Support copy-elision and split-init across `on this` blocks

dlongnecke-cray commented 4 years ago

As a Chapel user, I want the compiler to support copy-elision for in intent arguments and split-init for variables across on this blocks when it is safe/reasonable to do so.

copy elision

While working on #15772 I wrote a test to ensure that copy-elision was taking place correctly and that exactly one copy of each argument was produced per call to set.add(). What I found was that there was an extra copy produced due to an on this statement in the body of set.add().

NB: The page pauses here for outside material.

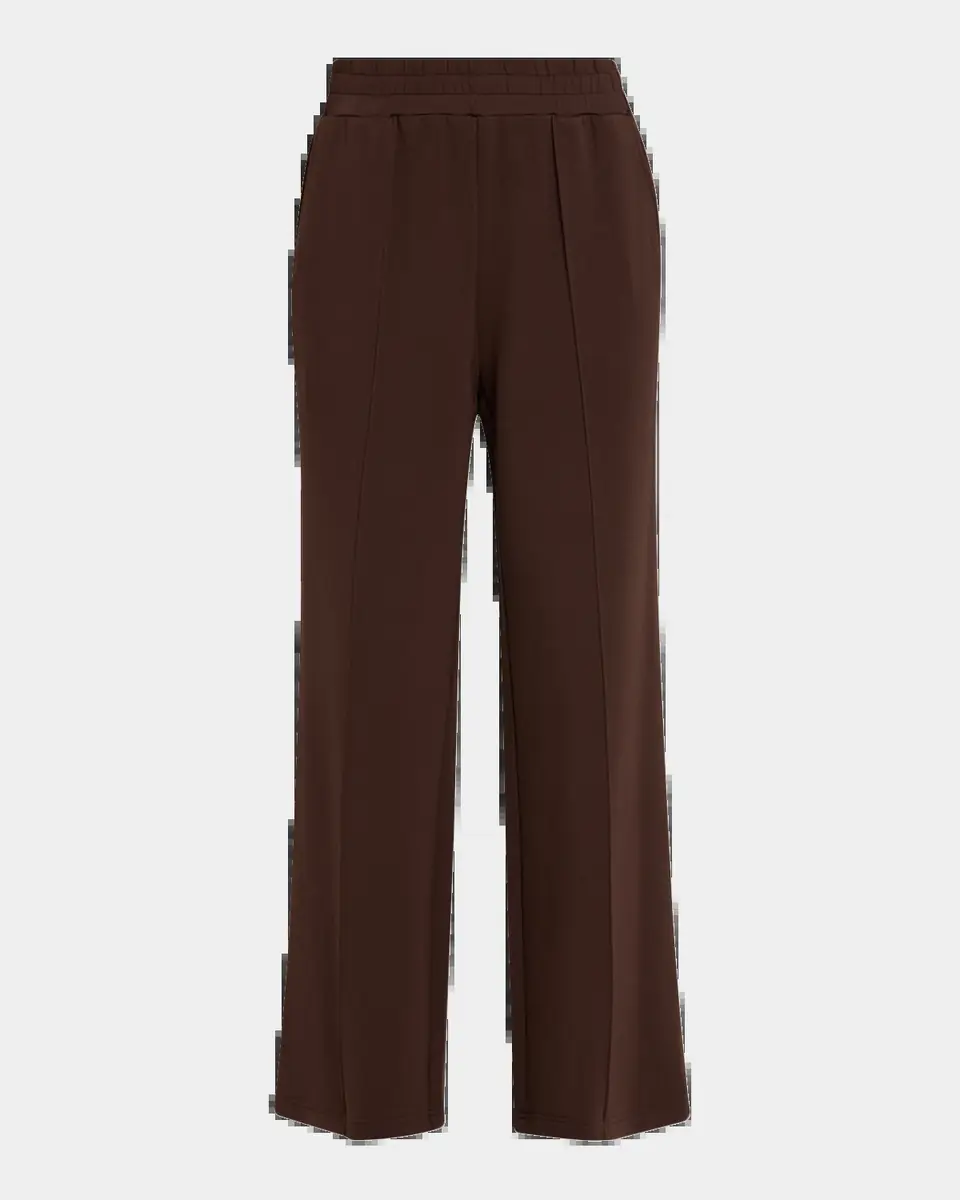 Varley The Wide-Leg Pants | Thumbnail 2 Varley The Wide-Leg Pants | Thumbnail 2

Here's a short example for when copy-elision across on this blocks would be useful:

record r { var x: int = 0; }
proc r.deinit() { writeln("deinit"); }

record mySet {
  type T;

  // Whatever backing store you are using for your container, e.g. _ddata...
  pragma "no init"
  var _store: T;

  proc _addElem(in elem: T) {
    // Add the element to the table (ideally move it into place).
    // The table's add method will probably have the `in` intent as well,
    // which makes it a candidate for copy elision.
    _store = elem;
  }

  proc add(in elem: T) {
    // The compiler can't move `elem` across this boundary,
    // so it has to make a copy.
    on this {
      _addElem(elem);
    }
  }
}

proc test() {
  var x = new r(128);
  var s = new mySet(r);
  s.add(x);
}
test();

This will output:

deinit
deinit
deinit

The first copy is made due to the in intent on mySet.add. The second copy is made when passing elem as an argument to _addElem. Because the call to _addElem exists within an on this block, a temporary is copy initialized from elem within the block, even though it would be a candidate for copy elision otherwise.

What's frustrating is that this copy is made even on programs compiled for COMM=none - however I understand that this might be to prevent unexpected behavior when recompiling a single-locale program for multi-locale.

It is important that only one copy of an element is made when adding it to a container, both for the sake of efficiency and to avoid visible side effects that may occur when a copy-initializer or deinitializer is called.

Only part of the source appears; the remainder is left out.